CASIA OpenIR  > 毕业生  > 硕士学位论文
Alternative TitleThe Design and Implementation of A Hierarchical Phrase-Based Statistical Translation System
Thesis Advisor宗成庆
Degree Grantor中国科学院研究生院
Place of Conferral中国科学院自动化研究所
Degree Discipline模式识别与智能系统
Keyword统计机器翻译 层次短语 短语提取 解码 规则冗余 Statistical Machine Translation Hierarchical Phrase-based Model Phrase Extraction Decoding Rule Redundancy
Abstract机器翻译是自然语言处理中研究的一个重要课题。

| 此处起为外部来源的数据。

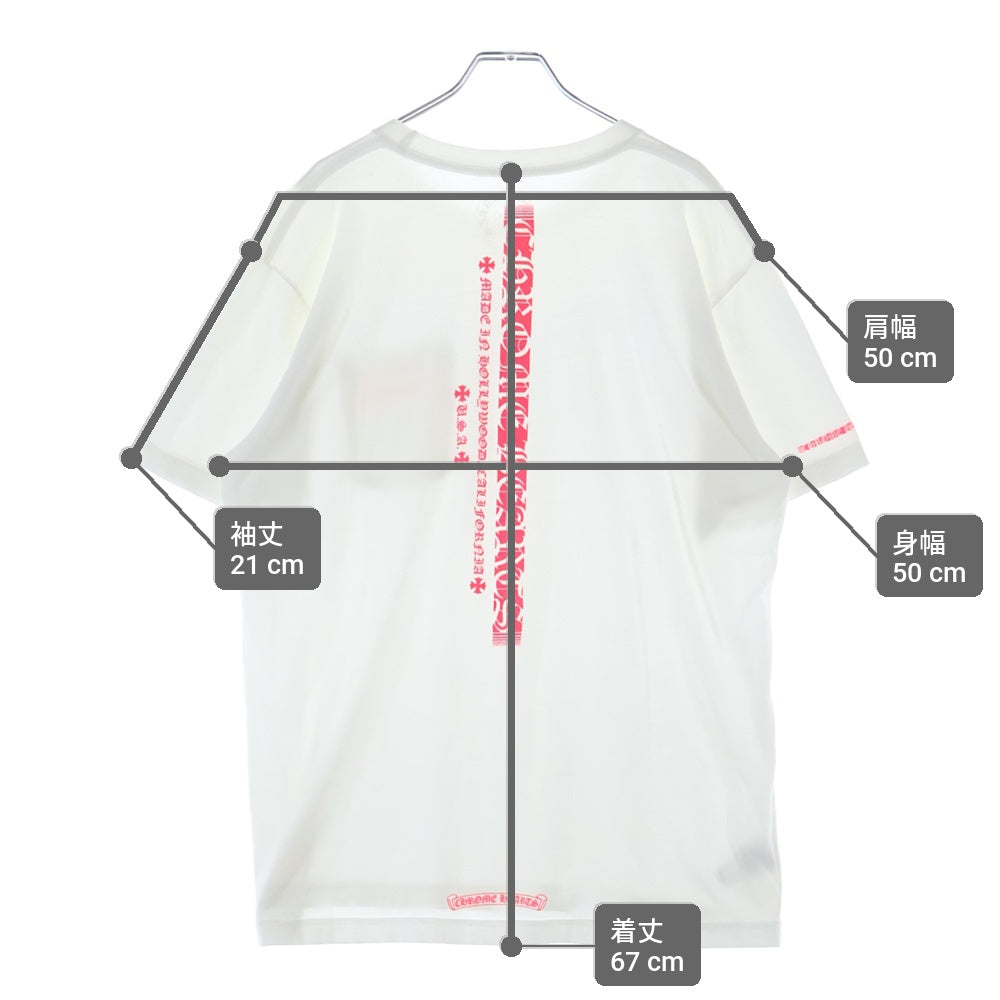 CHROME HEARTS(クロムハーツ) Made in Hollywood Vertical Logo メイドイン ハリウッド ヴァーティカルロゴ 半袖Tシャツ カットソー ホワイト/ピンク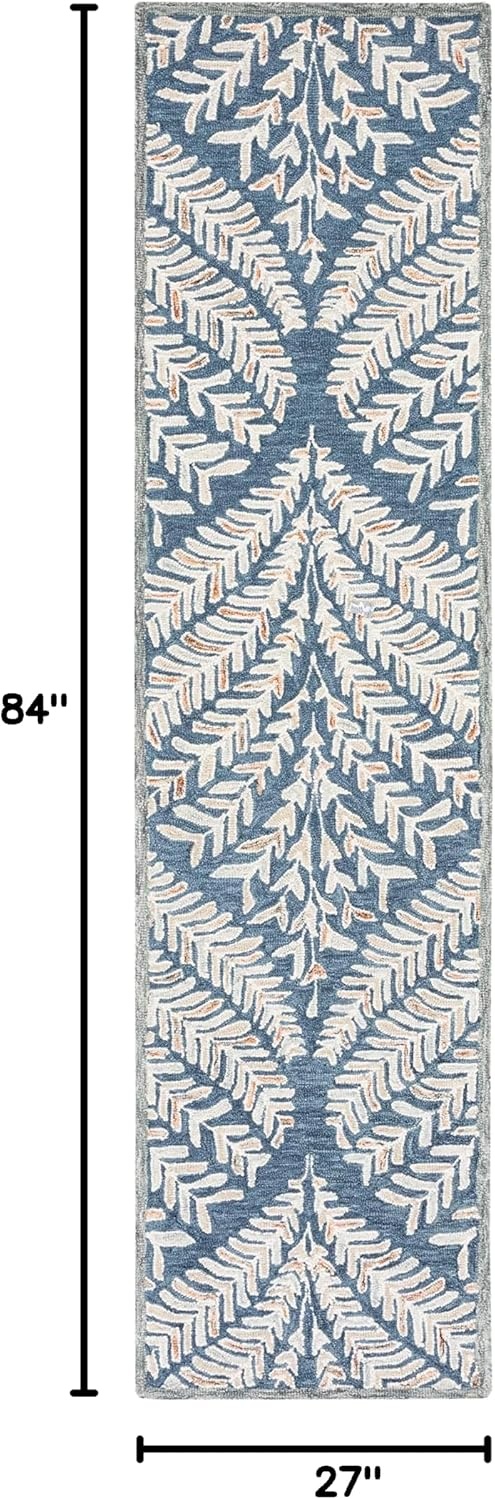 image:imageSAFAVIEH Area Rug 8x10 Capri Collection Large Ivory amp Blue Handmade Wool Ideal for Living Room Bedroom Office Dining Space CPR208AGreyIvory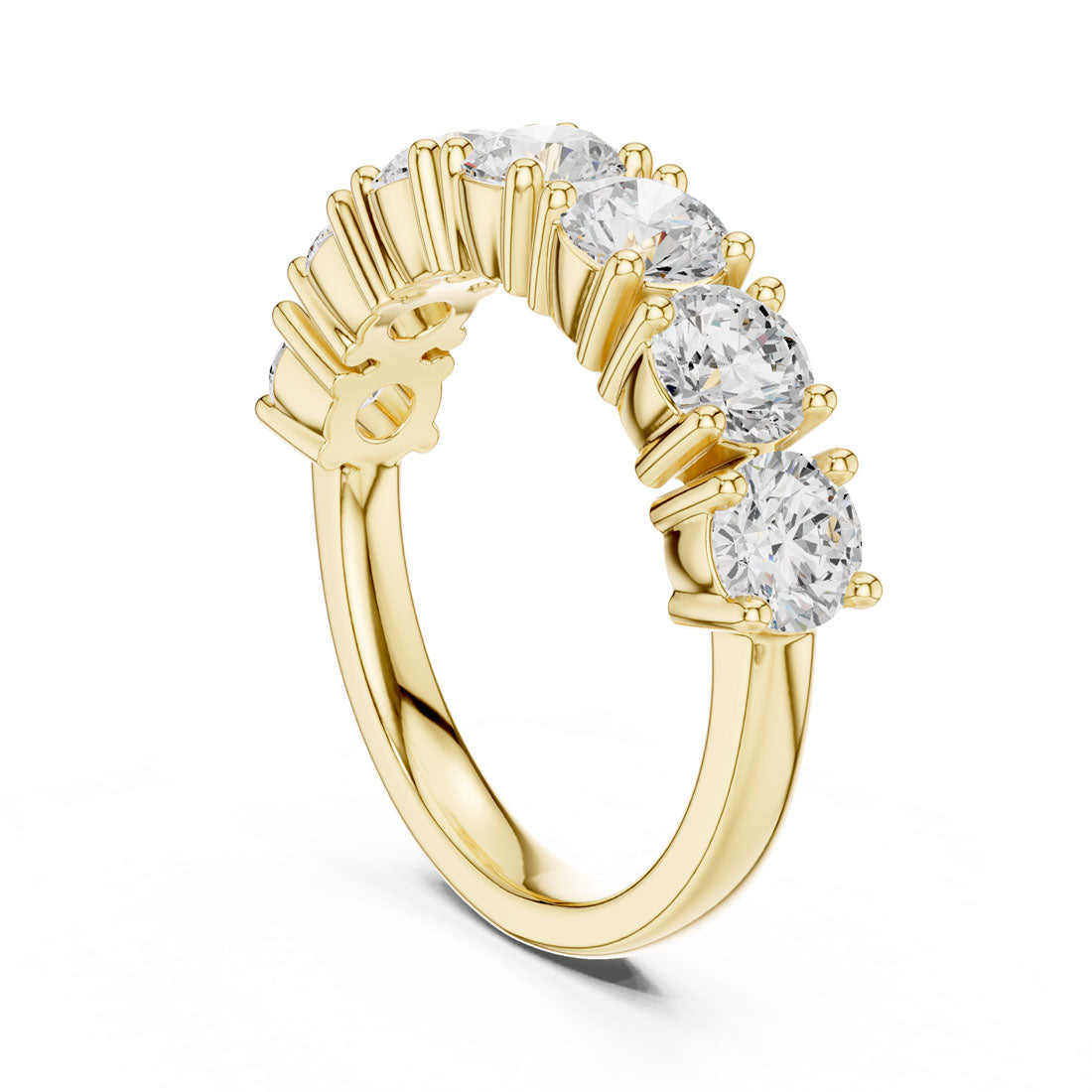 2.10 Ct. Round Diamond Half Eternity Band with Sculpted Shared Prong Setting (DDLR-619) 3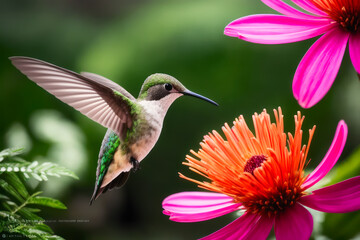 Digital wildlife photo of a Hummingbird flying and aiming on a flower nectar in a tropical rainforest. Wildlife concept of ecological environment. Generative AI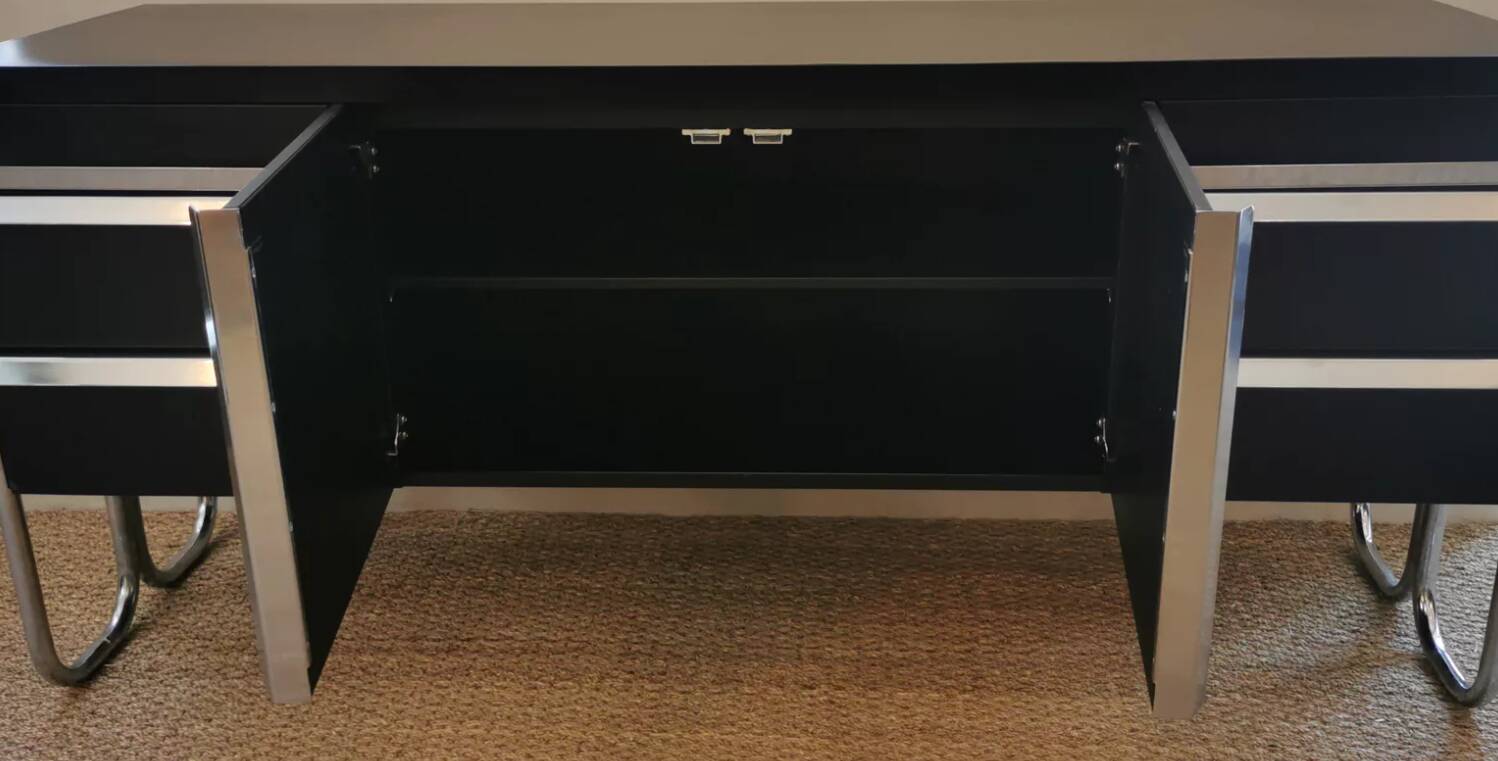 Vintage Bauhaus style metal sideboard from the 1970s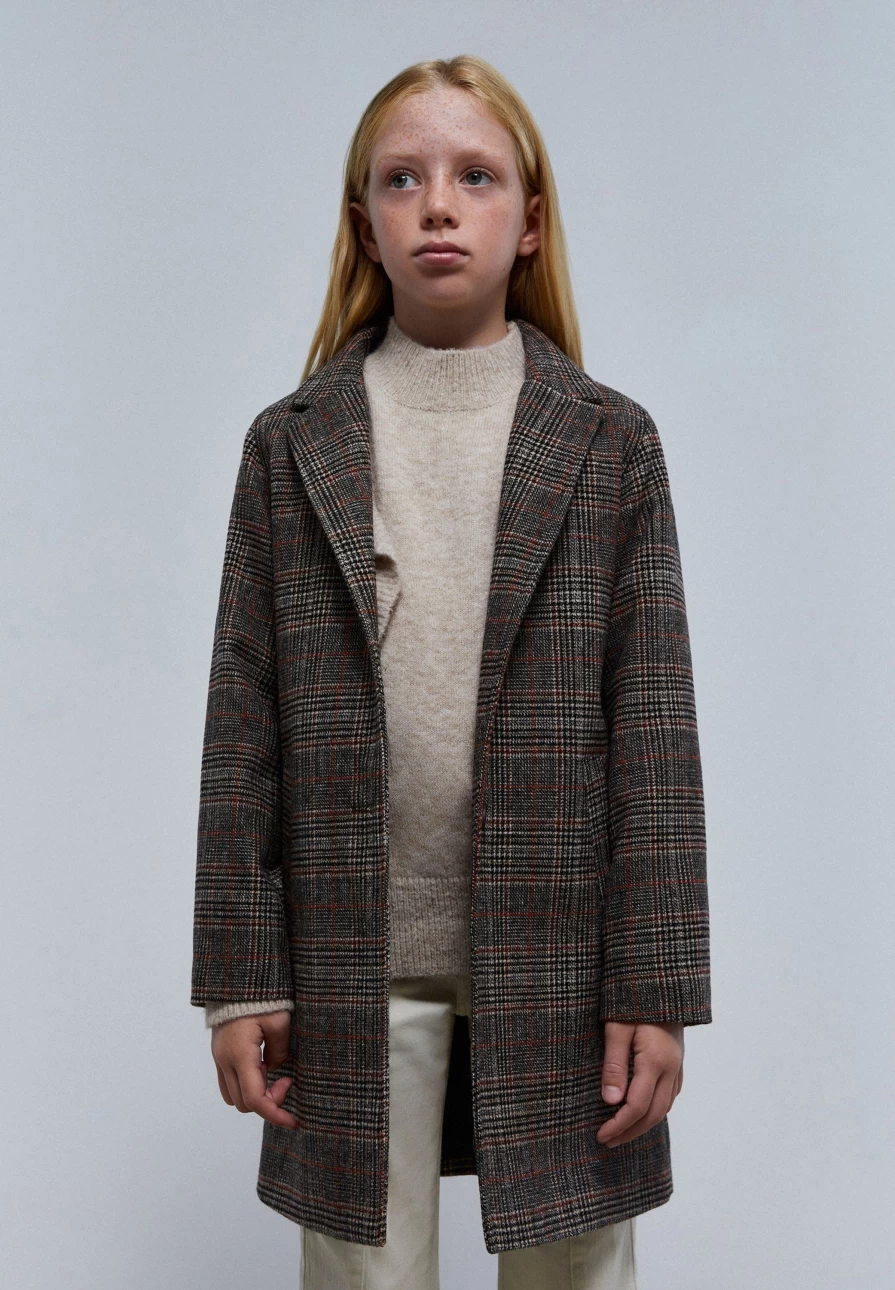 "ScalpersCompany Kids Brown Check Cloth Coat – Stylish & Comfortable Outerwear for Children"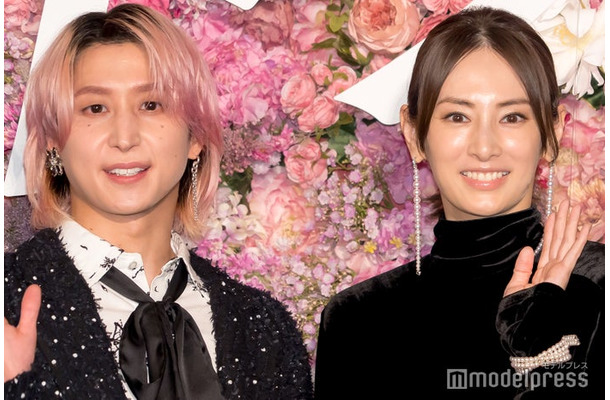 映画「ナイトフラワー」完成披露試写会舞台あいさつに出席した佐久間大介、北川景子(C)モデルプレス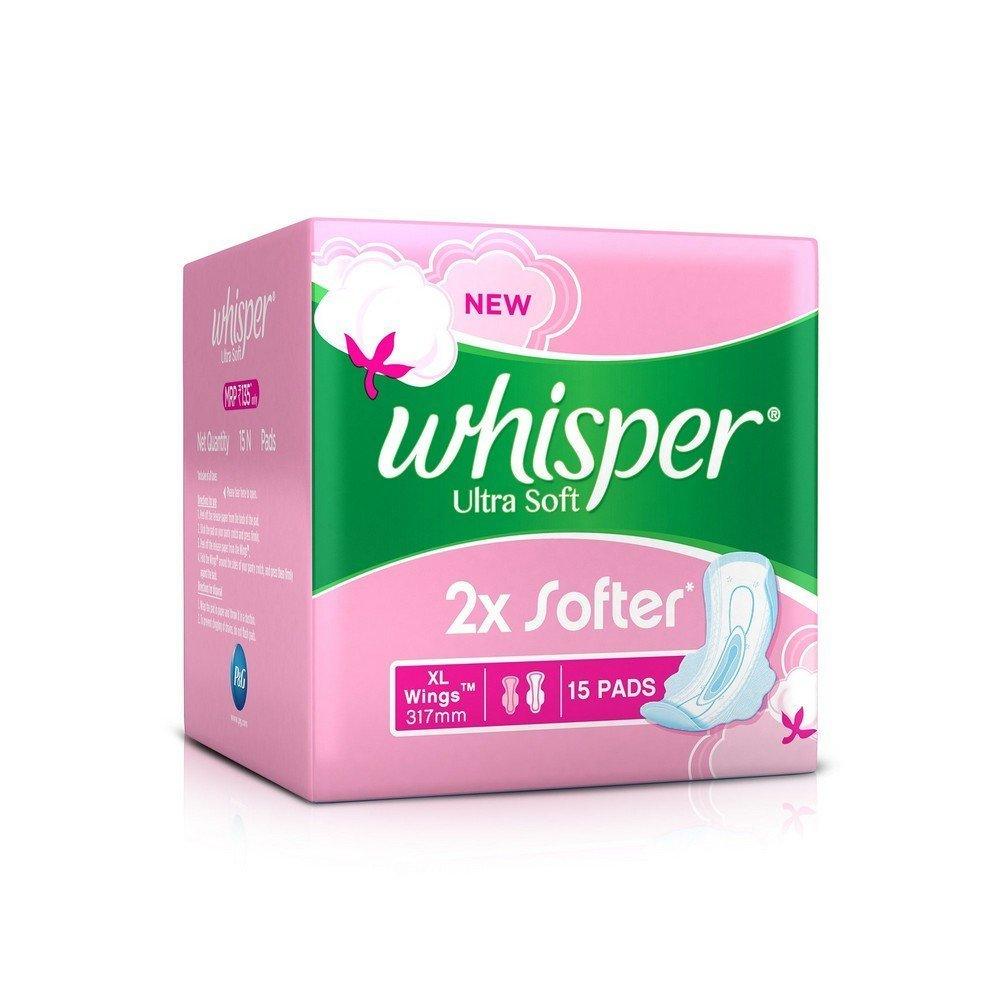 Whisper Sanitary Pads Ultra Soft XL Wings 15 Pads Quick Pantry
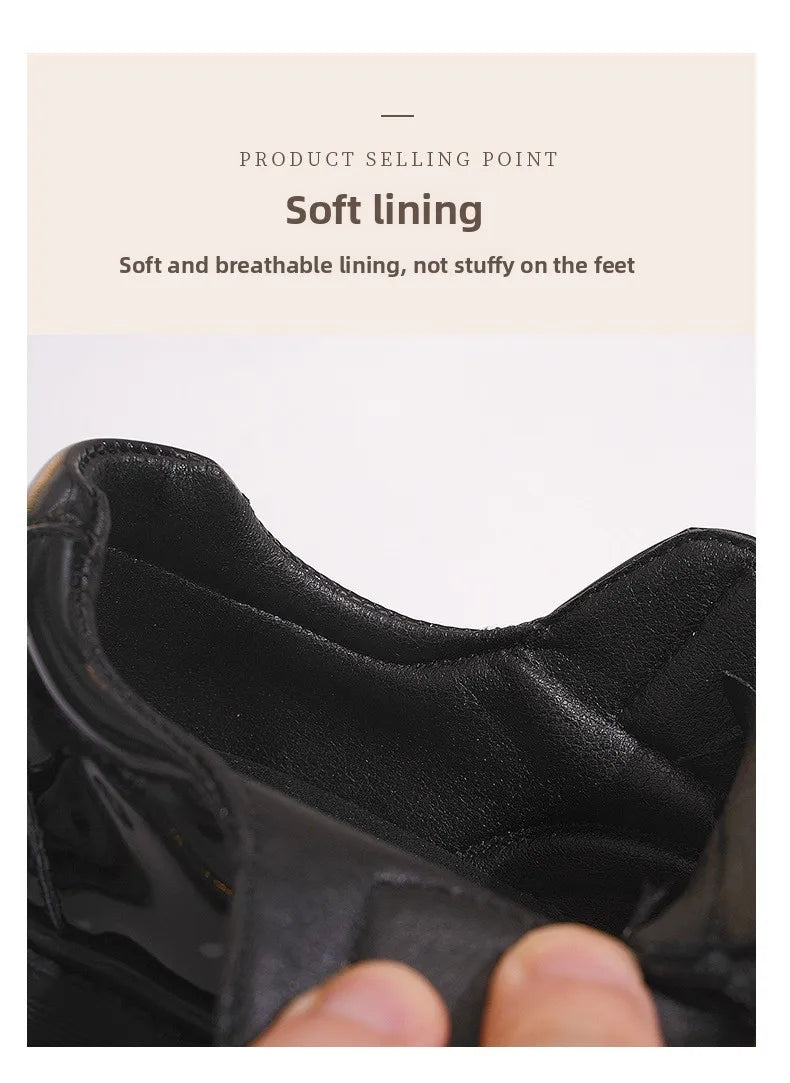 Boys Leather Shoes Spring Autumn Fashion Kids Soft Sole Shoes School Student Performance Flats Big Children's Shoes Black Formal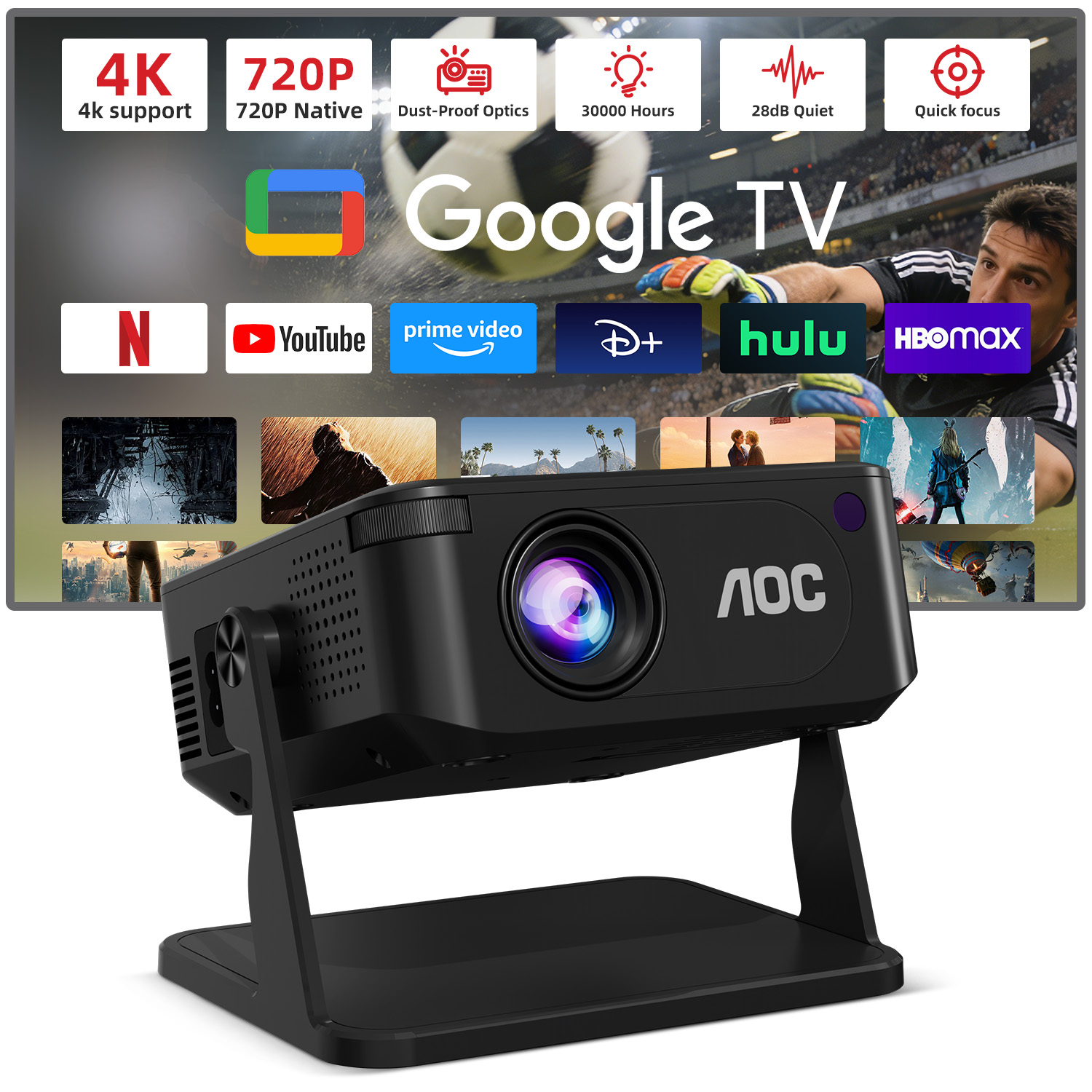 AOC HA109 Projector 300 ANSI 7 - Home Cinema App avis et prix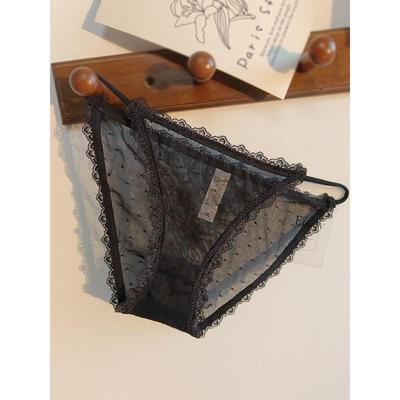 日系2025新款秋冬蕾丝内裤女性感网纱薄款纯棉裆低腰细带三角裤女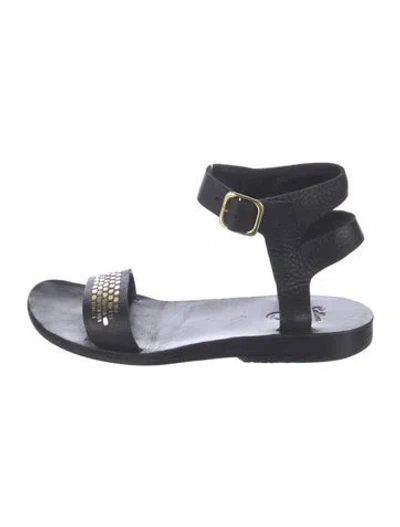 Pre-owned Calleen Cordero Leather Sandals In Black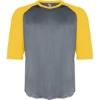 Custom Youth B-Core Three-Quarter Sleeve Baseball T-Shirt Graphite/ Gold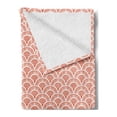 thumbnail image 2 of East Soft Flannel Fleece Blanket, Scale Pattern with Half Circles and Lines Geometrical Elements Abstract Boho Tribal, Cozy Plush for Indoor and Outdoor Use, 50" x 60", Orange White, by Ambesonne, 2 of 5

近年来统计机器翻译的研究占据了机器翻译研究的主流地位。而且统计机器翻译经历了从词到短语,从使用表层字符串信息到使用句法结构信息的演化。在这个过程中的每一步,都试图向翻译模型中纳入更多的上下文信息或重排序信息,以获得翻译质量的提升。基于层次短语的翻译模型是一种效果较好的翻译方法,它结合了基于短语的翻译模型和同步上下文无关文法的优点。本文研究了基于层次短语的翻译引擎的设计和实现方法,并对其规则冗余问题进行了探讨。 本文的主要工作归纳如下: (1) 设计实现了一个基于层次短语的统计机器翻译引擎。以汉英翻译为例,与普通的基于短语的机器翻译系统相比,该引擎的翻译质量有显著提升。尤其是在翻译需要长距离重排序的句子时获得了比较好的结果。 (2)提出了一种从双语对齐语料中获得层次短语的算法,该算法使用基于扫描线的方法,在对源语言训练句子的一次扫描过程当中得到层次短语规则,简单易于实现。而且实验表明该方法在计算时间方面具有良好的表现。 (3)基于层次短语的翻译系统面临的一个问题是训练得到的翻译规则的数量远超过普通的基于短语的翻译系统,从而导致了计算代价的攀升。本文探讨了基于层次短语的翻译系统中冗余规则的精简问题,提出了一种基于“重排序分割点”的约束方法,有效减少了系统中使用的规则数量,系统的训练时间和解码时间也随之大大减少。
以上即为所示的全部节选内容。